VAR is a statistical approach that models the relationships between multiple time series variables. It assumes that the variables in the system are influenced by their past values as well as the past values of other variables in the system. VAR is a good choice when the relationships between variables are relatively linear and stationary, and when there are not too many variables to model. It can also be useful when there are missing data points in the time series.

The code written is used to build a Vector AutoRegression (VAR) model to forecast the heat demand and energy consumption for a building.

Step 1 : The code begins by importing necessary libraries, such as statsmodels, pandas, numpy, and matplotlib. It also mounts the Google Drive to fetch the input data in the CSV format.

Step 2: This is followed by data preprocessing which includes converting the missing values to NaN and dropping them. The dataset is then plotted for visual inspection.

Step 3: The stationarity of each variable is tested using the Augmented Dickey-Fuller (ADF) test, and the Granger causality test is used to determine whether there is a causal relationship between two variables.

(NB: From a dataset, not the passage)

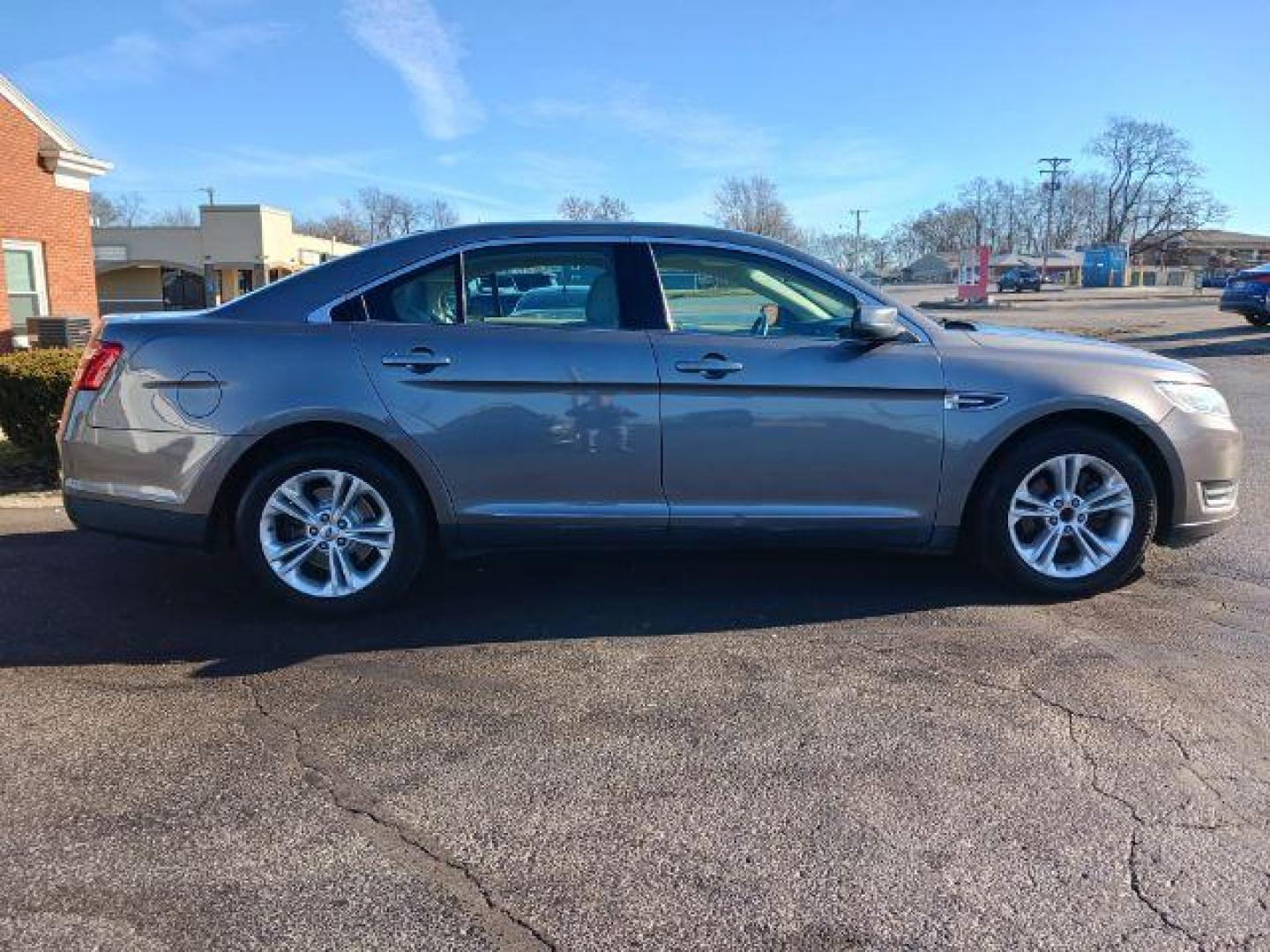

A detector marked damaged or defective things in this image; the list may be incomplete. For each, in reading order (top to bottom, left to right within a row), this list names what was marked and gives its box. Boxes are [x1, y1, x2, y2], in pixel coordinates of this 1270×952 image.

Step 4 : Next, the code prepares the data for modeling by splitting it into train and test datasets. The model used is VARMAX, which is a variant of the VAR model that includes exogenous variables. The order of the VAR model is determined using the select_order method, which determines the optimal lag length by evaluating different lag lengths and selecting the one with the lowest information criteria

Step 5 : Finally, the VARMAX model is fitted on the training dataset, and predictions are made on the test dataset. The predicted values are saved in the predictions variable, which can be used for further analysis and evaluation of the model's performance.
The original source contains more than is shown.